▸ **What to produce**
None of the images should appear in your copy. Transcribe the data in full.

▸ **Supplied data**
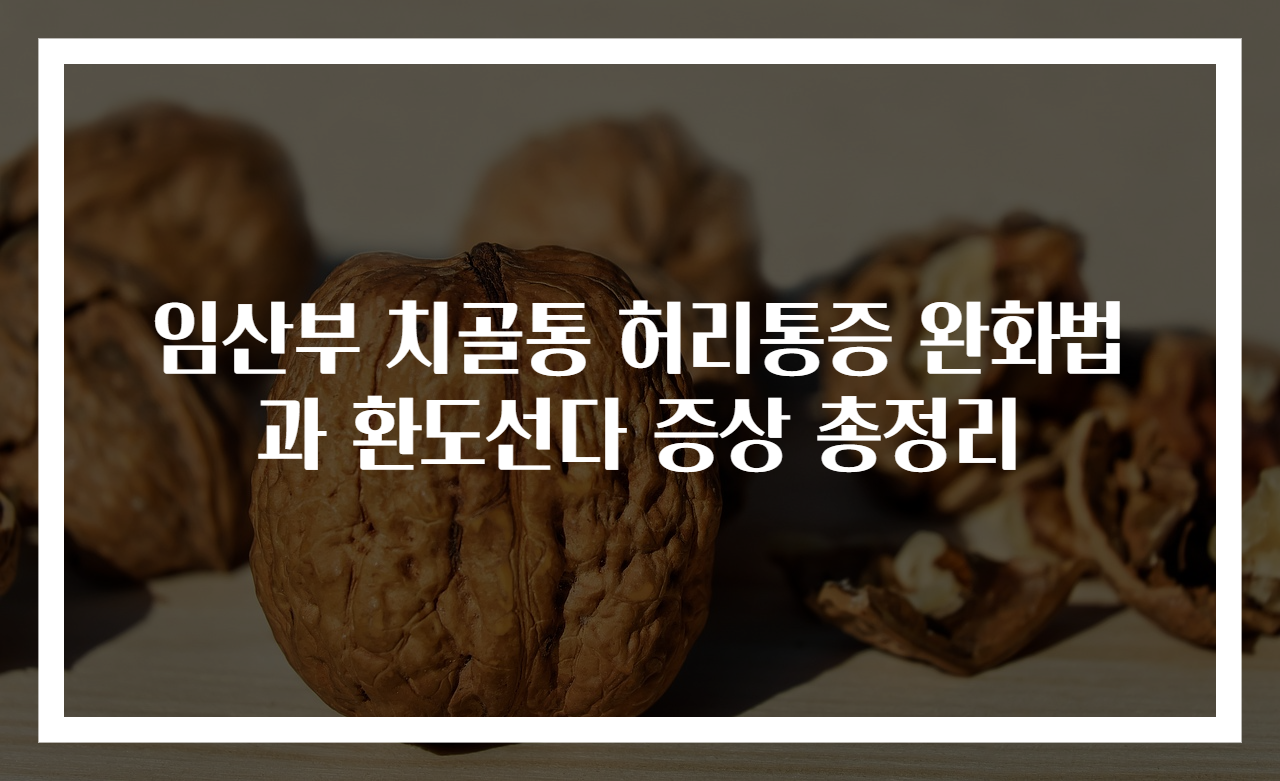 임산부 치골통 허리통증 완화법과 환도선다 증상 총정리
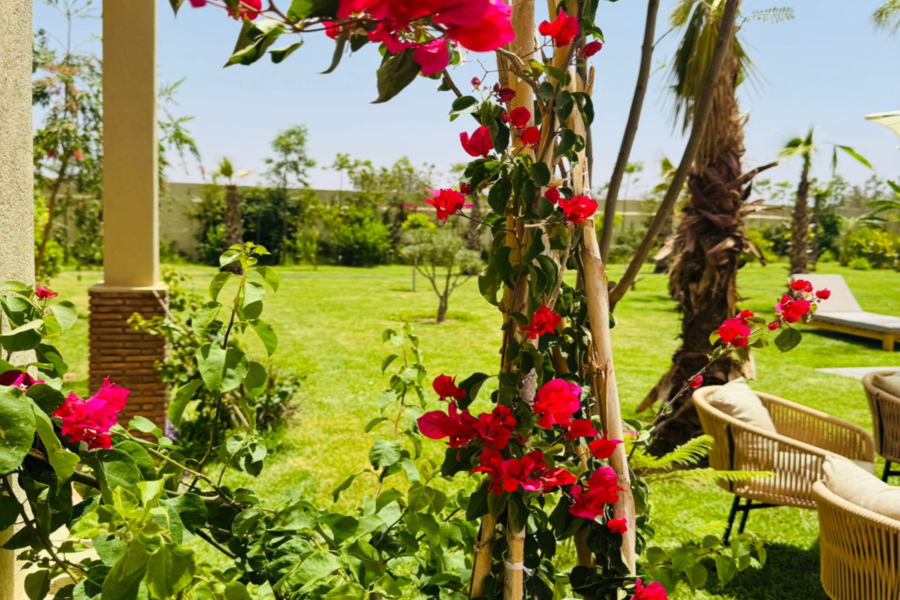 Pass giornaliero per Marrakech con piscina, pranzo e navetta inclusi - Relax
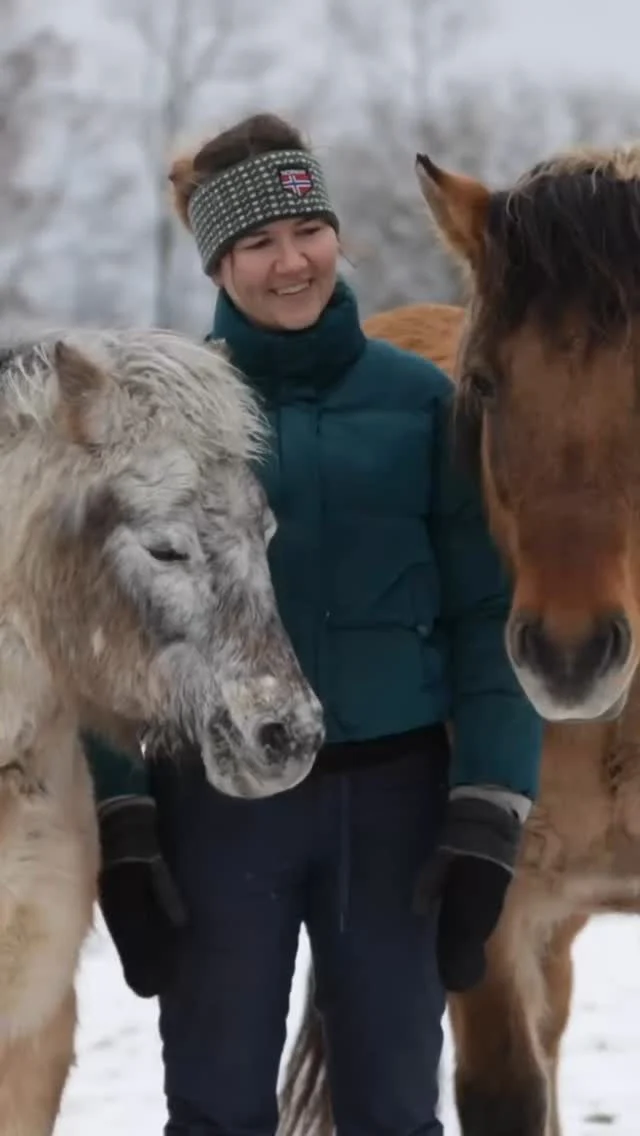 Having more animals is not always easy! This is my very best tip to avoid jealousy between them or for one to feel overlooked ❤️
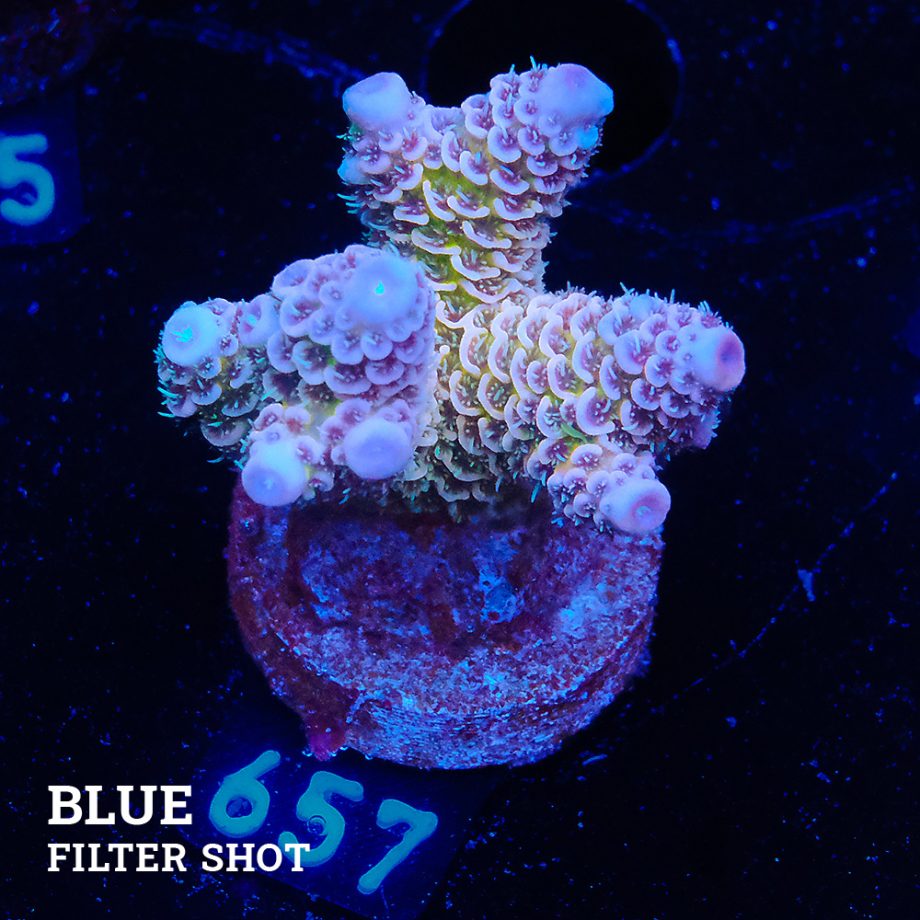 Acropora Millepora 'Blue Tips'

▸ **Exercise response**
 임산부 치골통 허리통증 완화법과 환도선다 증상 총정리
 Pass giornaliero per Marrakech con piscina, pranzo e navetta inclusi - Relax
 Having more animals is not always easy! This is my very best tip to avoid jealousy between them or for one to feel overlooked ❤️
 Acropora Millepora 'Blue Tips'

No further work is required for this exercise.